Reflecting on it all, I’ve decided I want to be known for love. For loving people fiercely. That may take different forms- since God himself is love and reflects it in different forms. From defending the oppressed and campaigning against injustice to simply just being there and listening to people; letting them know I see you. I want to be the one that embodies all those things. It’s a tall task but one I feel I’m called to. And in the end, it may not get me named after a community centre or charity foundation but a big legacy is not always the most meaningful. Holding an intimate place in the heart and minds of a few loved ones is more than enough.

Have you decided what your legacy will be?

Cutting through the noise

You’re enough. You’re blessed. You’re fabulous. In fact, you’re pretty darn amazing. You may not see it from time to time and sometimes the negative thoughts become like a dark haze, causing your amazing-ness obscure from view. But trust me, it remains a fact- so never forget that.
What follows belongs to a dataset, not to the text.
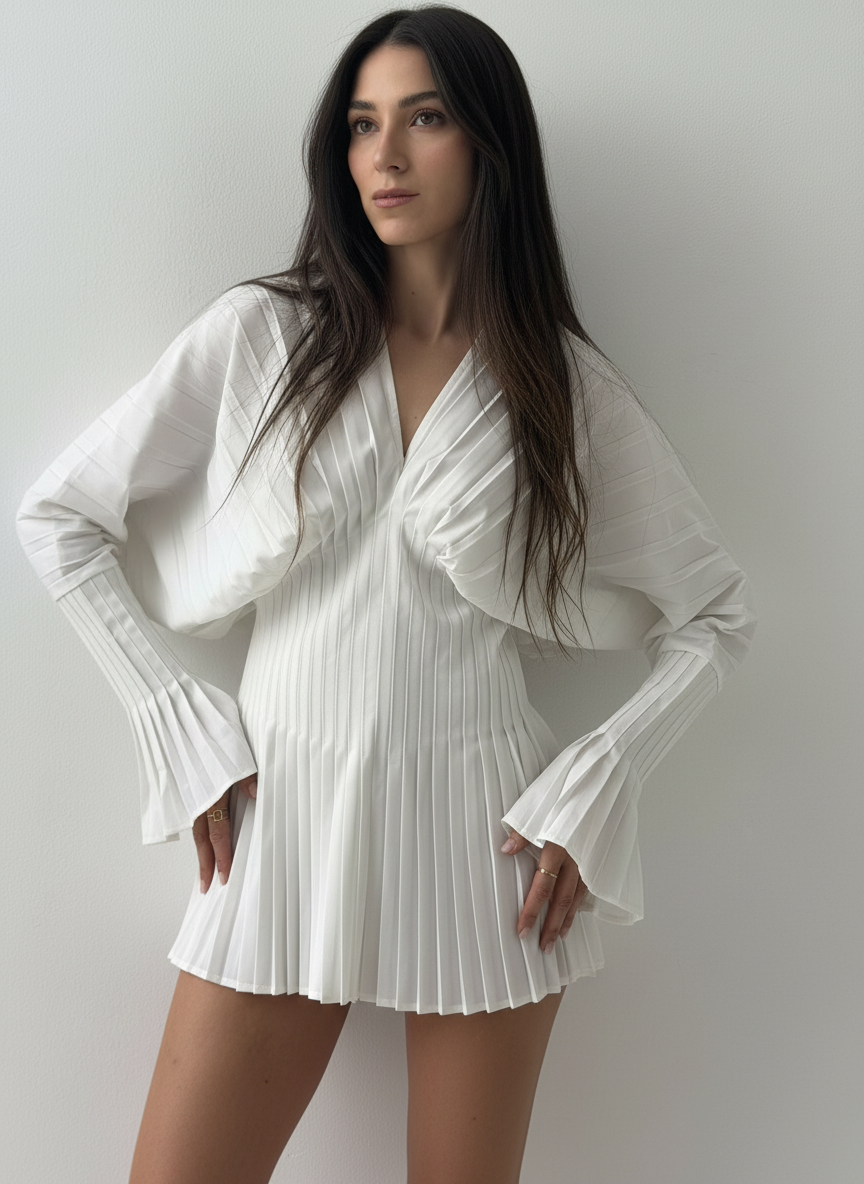 Pleated Flared Sleeve Shirt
I write these words for anyone who is going through a rough patch and needs to hear it. But I also write these as a note to myself. Recently feelings of self-doubt and insecurity have been slowly flooding the walls of my mind and it has honestly felt quite tiring and unbearable at times. But insecurities are like that, they can end up silently leeching your energy and you won’t even know until you have none left. A good visual image to imagine how it feels is a cliche film scene where the female character enters the bathtub and submerges herself in the water. There’s a deafening pause as you wonder if she will arise again and choose life. And she always does. Gasping for air and slightly panicked, but she always does.
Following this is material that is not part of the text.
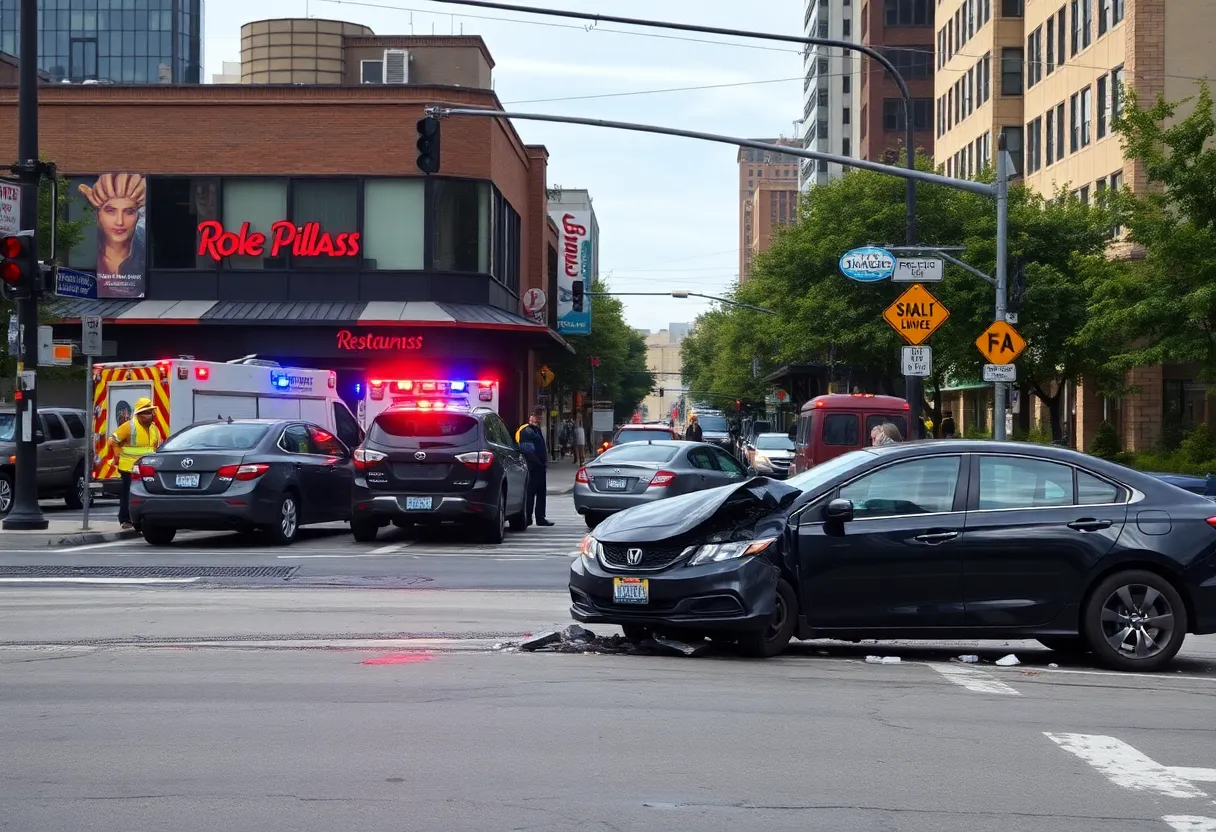 Aftermath of a car accident on Gratiot Avenue in Detroit with emergency services and damaged vehicles.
In the same way, when flooded with the thoughts we have to come back fighting. It’s definitely hard, but equally as possible. I believe that for every deafening feeling of self-doubt we have God is screaming even louder the words I started the blog with. Constantly. All the time. We just have to make the active choice to cut through the noise and listen. Over the voices of society or our peers. But most importantly, over the voices of ourselves.

How it’s meant to be.

Yesterday I had a moment of serenity as I walked down the path to choir rehearsal. I was on the back streets of Notting Hill, the sun shining (weakly, but shining nonetheless), cooling intervals of breeze and Shawn Mendes’ voice soothing my eardrums. Did I mention I was eating a beef patty? Well, I should have, and with every bite, I was more appreciative of the moment at hand. As I looked at the trees ahead fighting for the sun’s spotlight I thought about how everything had conspired for this moment to happen. If I had decided to go home or to a different part of London, or maybe if it had rained instead- that exact moment wouldn’t have happened. That kind of mathematics (i.e. possible worlds and alternative chains of events) I like to leave to God, but it’s amazing to think about every now and then; it gives a new meaning to the moment.

Here’s a poem a wrote to embody the feeling in such moments:

I’m stoppable, untoppable*

as I walk down the street

there is no obstacle

that can slow me down.

The wind is my fanfare and

the sun my spotlight.

My feet tread light but stride confidently.

And my worries are only echoes

My worries are only echoes.

_______________

(*technically not a word but hey ho.)